*Information shown*:
Start of Block

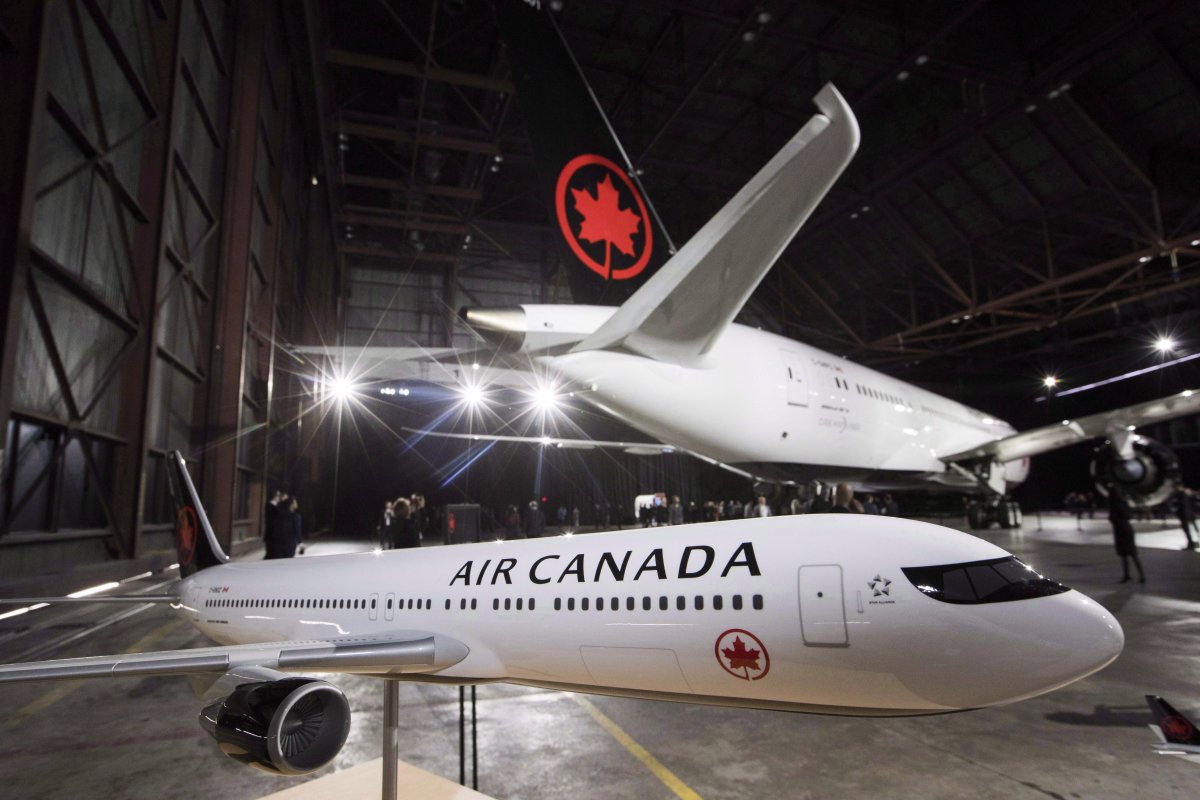 A model airplane is seen in front of the newly revealed Air Canada Boeing 787-8 Dreamliner aircraft at a hangar at the Toronto Pearson International Airport in Mississauga, Ont., on February 9, 2017. The Supreme Court of Canada has cleared the way for a class-action lawsuit against Air Canada and British Airways to proceed, dismissing an appeal by Canada's largest airline. Air Canada had sought to overturn an October 2017 Ontario Court of Appeal ruling that the class action could include foreign claimants despite playing out in Ontario courts. 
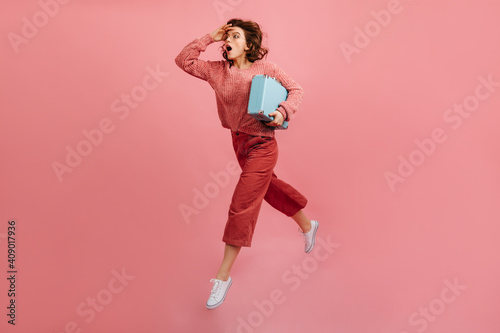 Stressed woman with valise hurrying on pink background. Studio shot of running lady with suitcase.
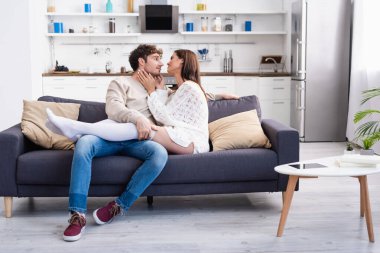 Dijital tabletin yanındaki kanepede erkek arkadaşına dokunan genç bir kadın ve sehpanın üzerindeki kitaplar. 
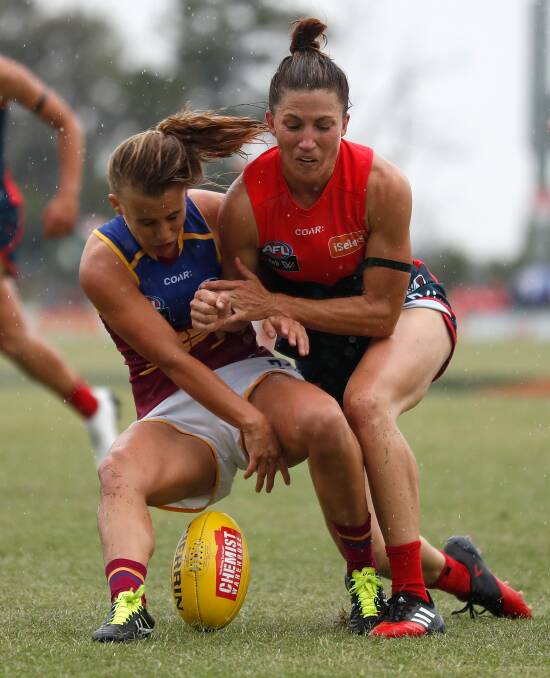 North Coast athlete Nikki Wallace competes for the ball against the Melbourne Demons earlier in the season. Photo: AFL Photos.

End of Block

*Required work*:
Once the pictures are set aside, repeat the data above exactly as written.

*Output for this exercise*:
 A model airplane is seen in front of the newly revealed Air Canada Boeing 787-8 Dreamliner aircraft at a hangar at the Toronto Pearson International Airport in Mississauga, Ont., on February 9, 2017. The Supreme Court of Canada has cleared the way for a class-action lawsuit against Air Canada and British Airways to proceed, dismissing an appeal by Canada's largest airline. Air Canada had sought to overturn an October 2017 Ontario Court of Appeal ruling that the class action could include foreign claimants despite playing out in Ontario courts. 
 Stressed woman with valise hurrying on pink background. Studio shot of running lady with suitcase.
 Dijital tabletin yanındaki kanepede erkek arkadaşına dokunan genç bir kadın ve sehpanın üzerindeki kitaplar. 
 North Coast athlete Nikki Wallace competes for the ball against the Melbourne Demons earlier in the season. Photo: AFL Photos.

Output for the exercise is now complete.